- La Commission européenne enquête sur Google pour abus de position dominante dans le développement de son intelligence artificielle.
- Google est soupçonné d’utiliser les contenus d’éditeurs et de créateurs YouTube sans compensation, tout en interdisant l’accès à ses concurrents.
- L’enquête, annoncée le 9 décembre, fait suite à une plainte déposée en juillet par plusieurs organisations.
- Cette action s’inscrit dans une vague de contrôles de Bruxelles sur les pratiques des géants de la tech dans l’IA.
Une enquête sur les conditions d’entraînement des modèles
La Commission européenne a officiellement ouvert, mardi 9 décembre, une enquête antitrust contre Google. L’exécutif européen examine si le géant de la tech a enfreint les règles de concurrence en utilisant des contenus en ligne pour développer ses services d’intelligence artificielle.
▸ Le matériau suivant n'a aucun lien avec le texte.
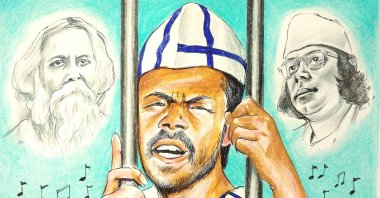 According to reports, Hero Alam was arrested and held in jail for eight hours before being released due to his poor performance of songs by poets Rabindranath Tagore and Kazi Nazrul Islam. (Illustration by Erhan Yalvaç)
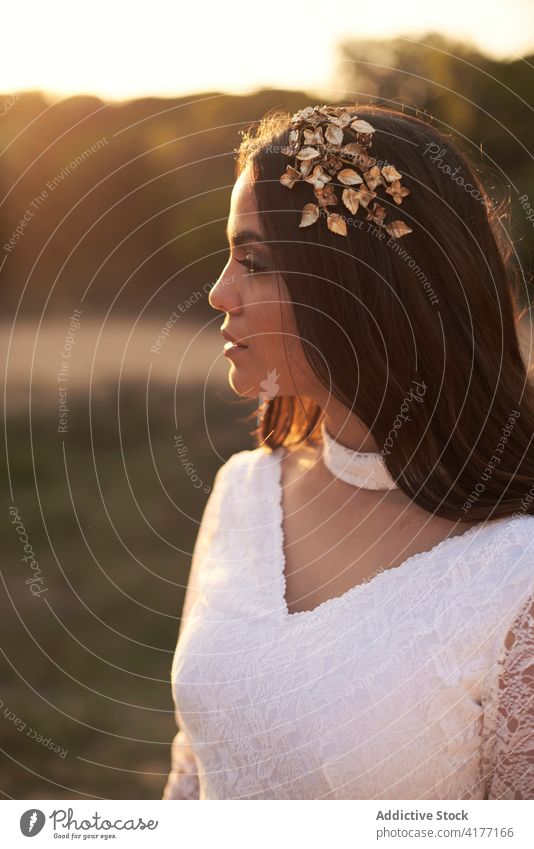 Charming bride in white gown standing on footbridge in forest white dress boho wedding elegant grace woman nature brunette female bridal romantic young marriage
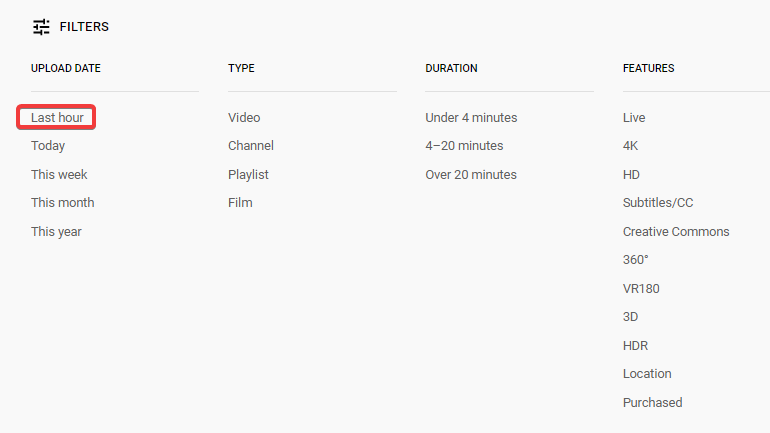 youtube filters last hour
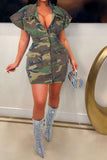 namcoverse Camouflage Feminine Multi Pocket Button Thru Mini Dress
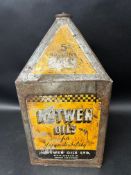 A Notwen Oils five gallon pyramid can.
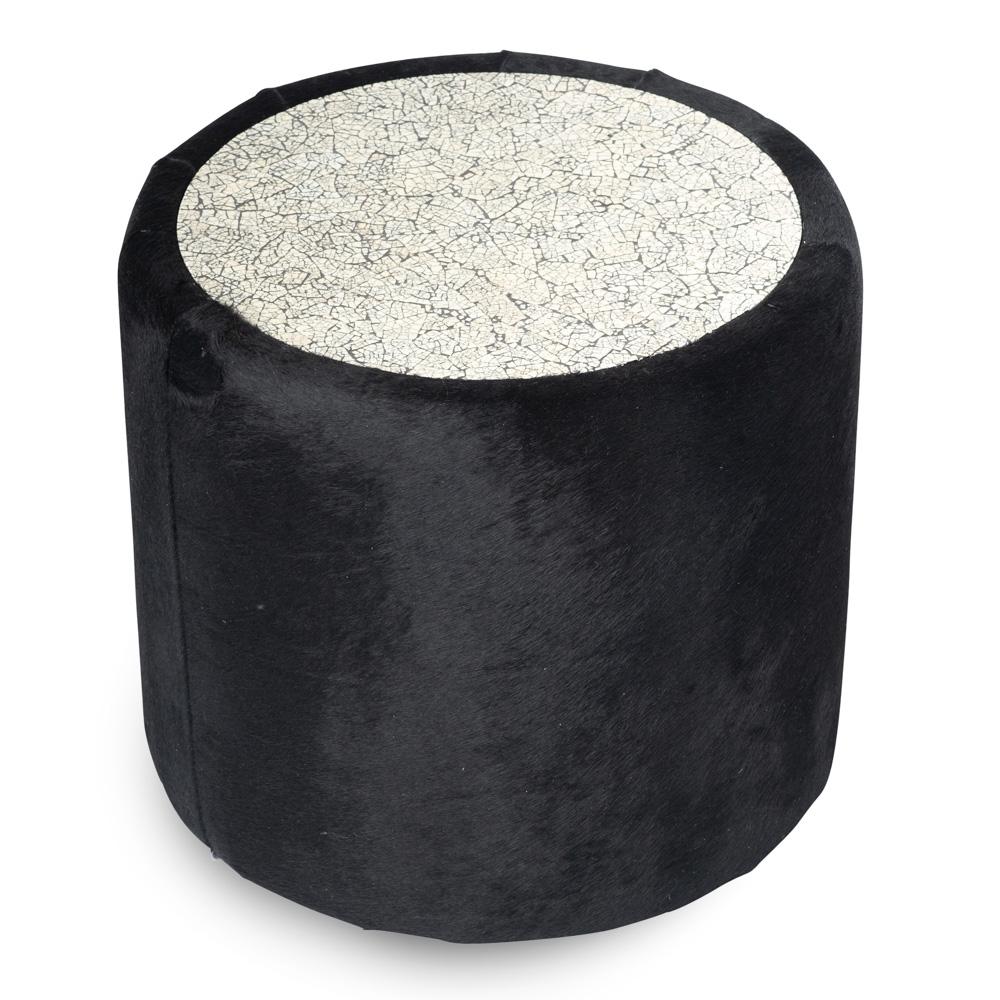 Black Cow Hide Cylinder with Ostrich Egg Mosaic Inlay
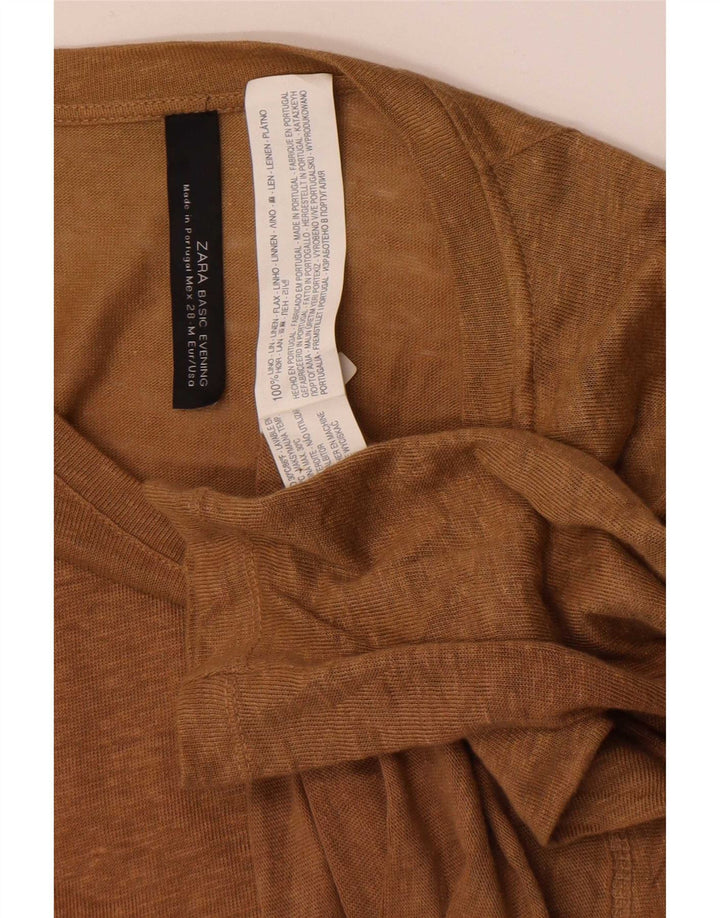 Zara Womens Top Long Sleeve UK 12 Medium Beige Linen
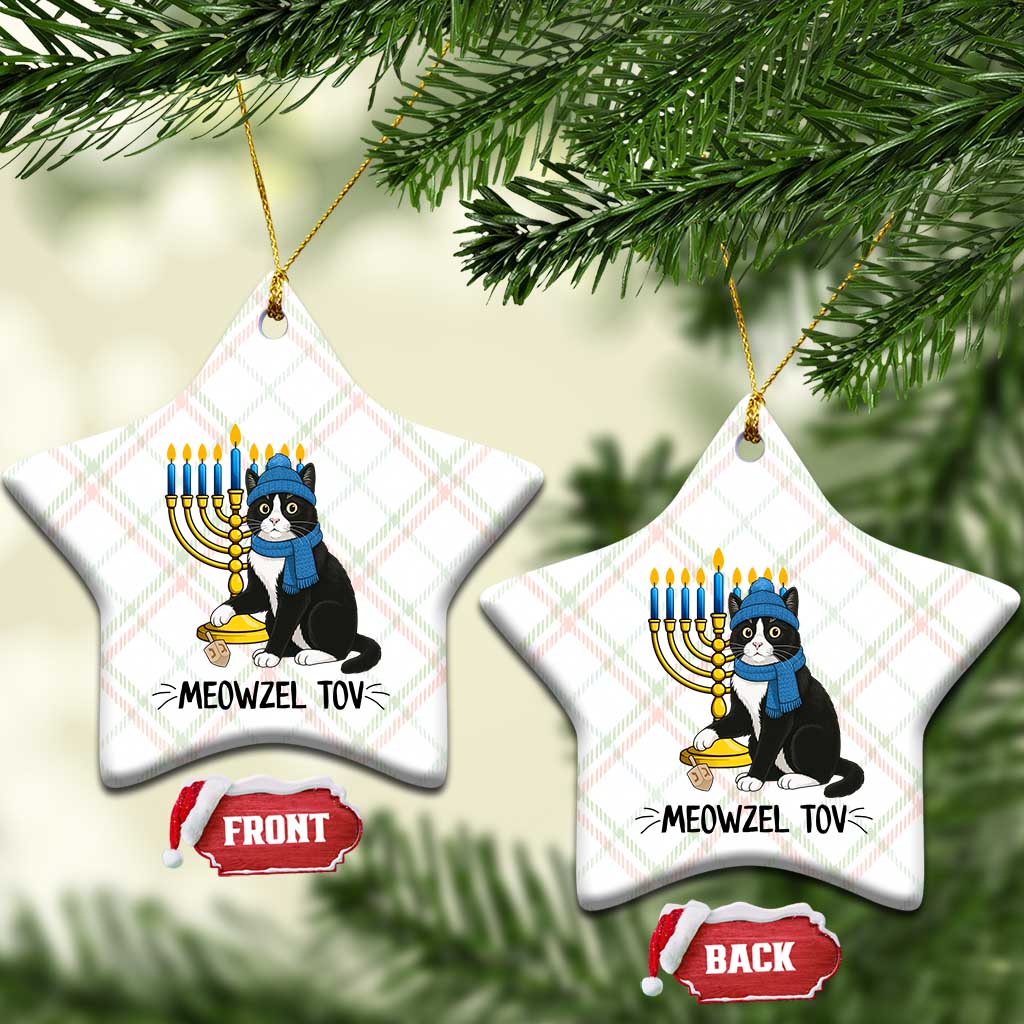 Meowzel Tov Ceramic Ornament Black Cat Playing Dreidel Menorah Hanukkah Gift - Wonder Print Shop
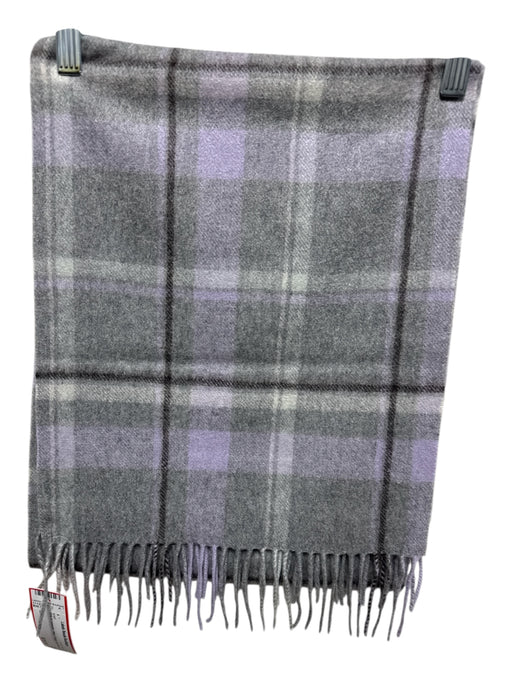 No Brand Grey & Lavender Plaid Fringe scarf Grey & Lavender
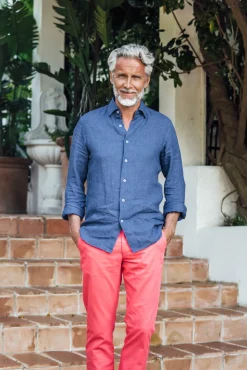 Les Canebiers Tartane pants - Raspberry<Homme Pantalons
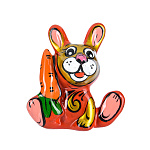 0069869 Хохлома Скульптура "КРОЛИК С МОРКОВКОЙ" 5*3*6см 9435.23 кр кудрина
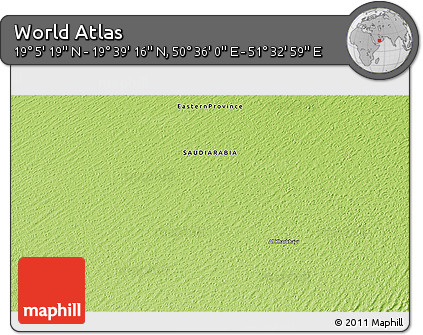 Physical 3D Map of the Area around 19° 22' 18" N, 51° 4' 30" E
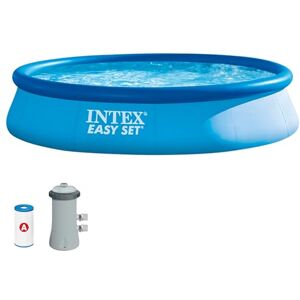 INTEX Easy Opblaasbaar zwembad. Opbouwzwembad (met filter). 396cm x 84cm blauw INTEX Easy Opblaasbaar zwembad. Opbouwzwembad (met filter). 396cm x 84cm blauw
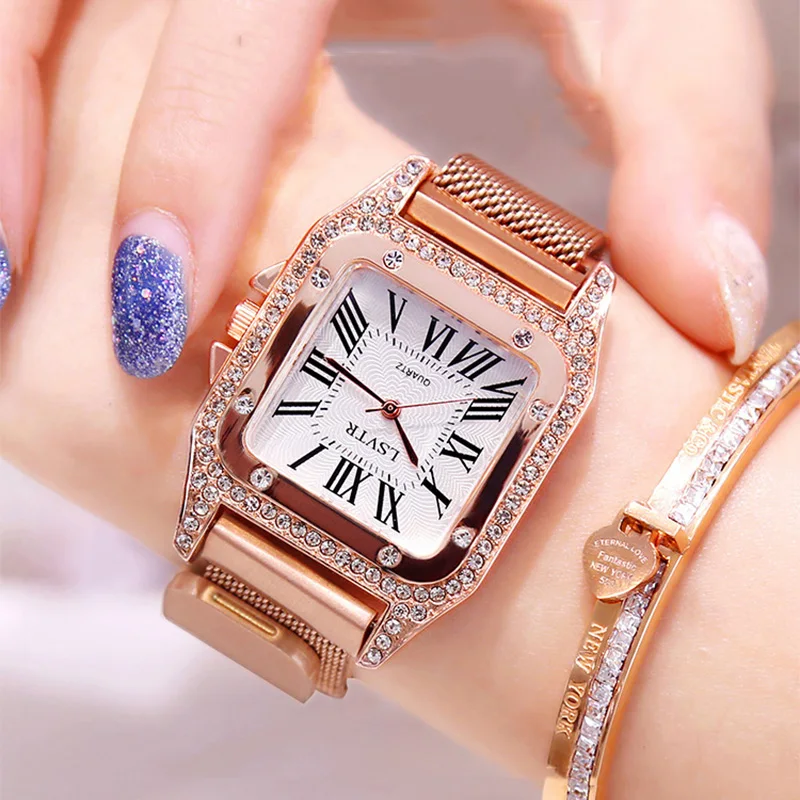 

Luxury Rose Gold Women Watches Fashion Diamond Ladies Starry Sky Magnetic Watch Waterproof Female Wristwatch For Gift Clock 2019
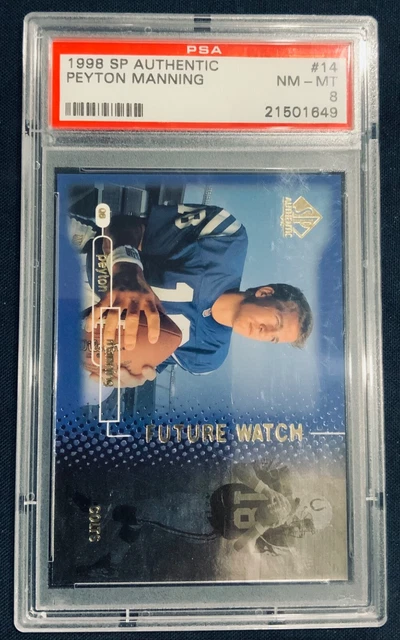 1998 Sp Authentic Football #14 Peyton Manning Rc Psa 8 1998 Sp Authentic Football #14 Peyton Manning Rc Psa 8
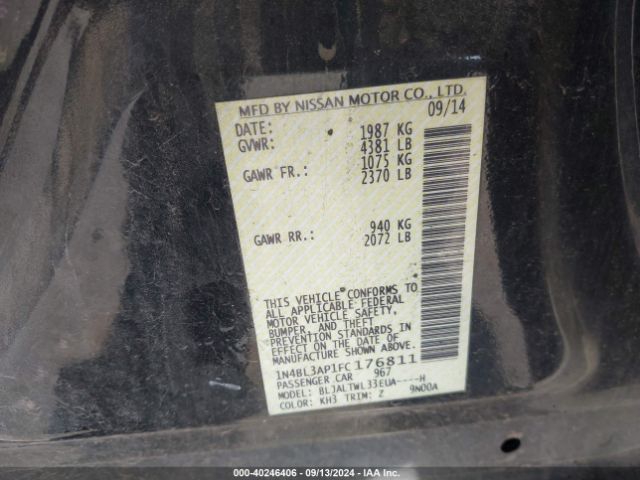 1N4BL3AP1FC176811 Nissan Altima 3.5 Sl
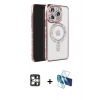 MARSİLYAN™- iPhone 16 Pro Max Kılıf Zirve Doku Prime - Siyah 3D Antistatik Seramik Nano Ekran Koruyucu + PVD Metal Kamera Lens - GS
Les soupçons portent sur deux pratiques distinctes mais liées. D’une part, Google est accusé d’utiliser les contenus de sites d’éditeurs et les vidéos de créateurs YouTube pour entraîner ses propres modèles d’IA, sans offrir d’option claire d’opposition ni de compensation financière.
D’autre part, l’enquête vise à vérifier si Google impose des conditions abusives en interdisant à ses concurrents d’utiliser ces mêmes contenus, notamment les vidéos YouTube, pour développer leurs propres intelligences artificielles.
« C’est pourquoi nous enquêtons afin de déterminer si Google a pu imposer des conditions abusives aux éditeurs et aux créateurs de contenu, tout en désavantageant les développeurs de modèles d’IA concurrents », a déclaré Teresa Ribera, vice-présidente de la Commission européenne.
Cette enquête fait suite à une plainte déposée en juillet par l’ONG Foxglove, l’Independent Publishers Alliance et le Movement for an Open Web. Ces organisations avaient saisi à la fois l’autorité britannique de la concurrence (CMA) et la Commission européenne.
Google a réagi en qualifiant la plainte de risquant « d’étouffer l’innovation dans un marché plus concurrentiel que jamais », selon un porte-parole cité par l’AFP.
Cette action contre Google survient une semaine après l’ouverture d’une enquête similaire sur Meta concernant l’intégration de chatbots IA dans WhatsApp. Teresa Ribera a rappelé le cadre éthique : « L’IA apporte des innovations remarquables… mais ce progrès ne saurait se faire au détriment des principes fondamentaux de nos sociétés. »
Cette enquête marque un tournant dans la régulation de l’IA en Europe. Elle pose une question centrale pour l’écosystème : qui possède les données qui nourrissent les modèles ? Pour les entreprises, elle définit le cadre légal du scraping et de l’utilisation des contenus en ligne. Pour le secteur de l’IA, elle pourrait redistribuer les cartes en obligeant les plateformes dominantes à ouvrir l’accès à leurs données d’entraînement, sous rémunération équitable des créateurs.